#### Excerpted records ####

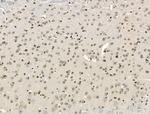 TAF5L Antibody in Immunohistochemistry (Paraffin) (IHC (P))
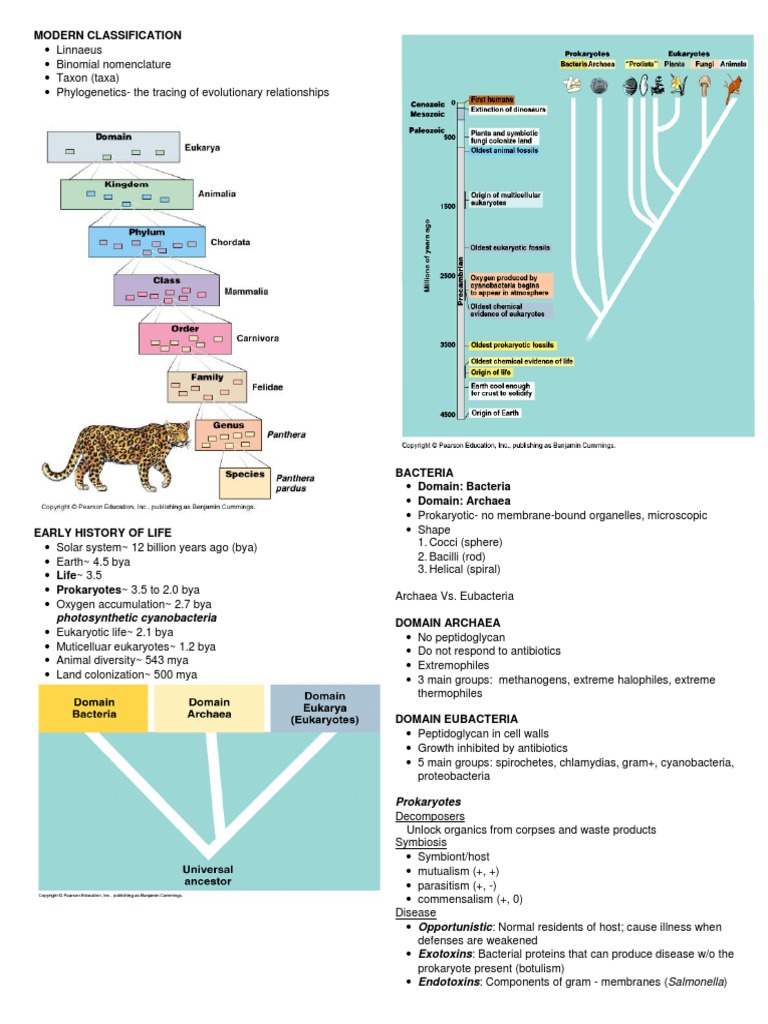 Overview of Modern Classification | PDF | Fungus | Bacteria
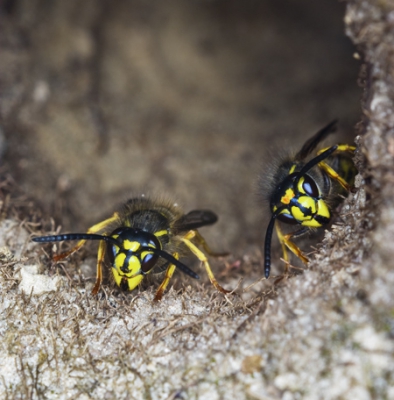 De foto is vrij laat in de middag genomen. Het was nog een hachelijke onderneming want de wespen kwamen uit hun ondergronds nest. In de vliegroute gaan staan kan pijnlijke steken op leveren.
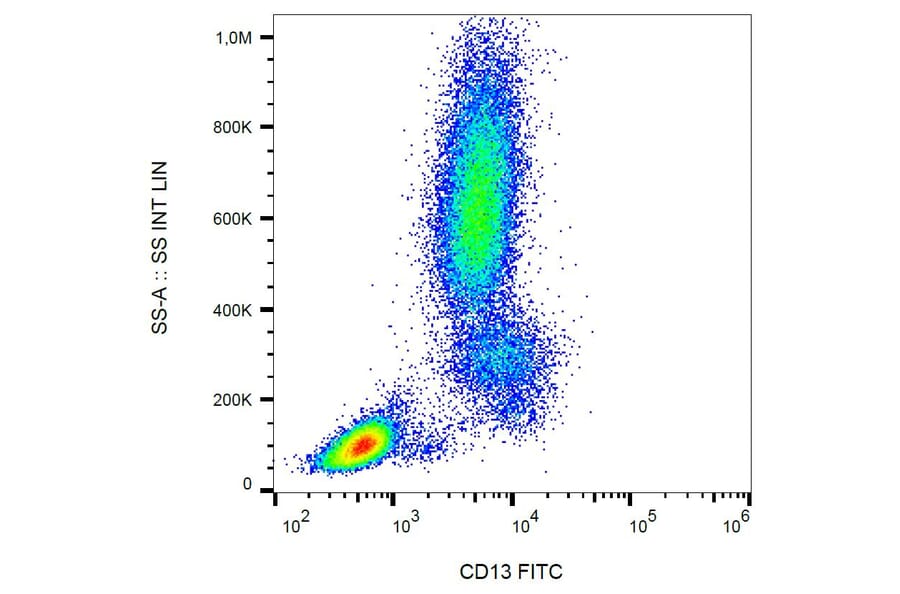 Flow Cytometry - Anti-CD13 Antibody [WM15] (FITC) (A86399) - Antibodies.com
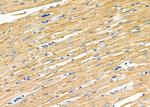 GluR4 Antibody in Immunohistochemistry (Paraffin) (IHC (P))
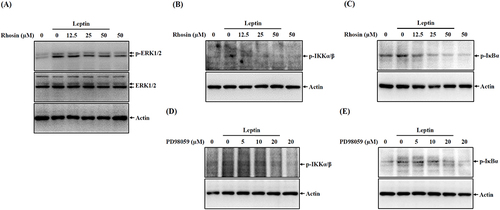 Figure 5 Leptin activates NF-κB through RhoA-ERK1/2 axis. (A–C) SV40 cells were pre-treated with Rhosin for 0.5 hours, followed by incubation with 100 ng/mL of leptin for 30 minutes. Subsequently, the phosphorylation levels of ERK1/2 (A), IKKα/β (B), and IκBα (C) in cell lysates were examined through Western blotting. (D and E) In a similar experimental setup, SV40 cells were pre-treated with Rhosin for 0.5 hours, followed by exposure to 100 ng/mL of leptin for 30 minutes. The subsequent analysis focused on the phosphorylation levels of IKKα/β (D) and IκBα (E) in cell lysates, which were assessed using Western blotting. The Western blotting images represent individual experiments.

####

### Instructions to follow
Without the pictures, return the listing above from its first line through the line that has "GluR4 Antibody in".

### Result of this exercise
 TAF5L Antibody in Immunohistochemistry (Paraffin) (IHC (P))
 Overview of Modern Classification | PDF | Fungus | Bacteria
 De foto is vrij laat in de middag genomen. Het was nog een hachelijke onderneming want de wespen kwamen uit hun ondergronds nest. In de vliegroute gaan staan kan pijnlijke steken op leveren.
 Flow Cytometry - Anti-CD13 Antibody [WM15] (FITC) (A86399) - Antibodies.com
 GluR4 Antibody in Immunohistochemistry (Paraffin) (IHC (P))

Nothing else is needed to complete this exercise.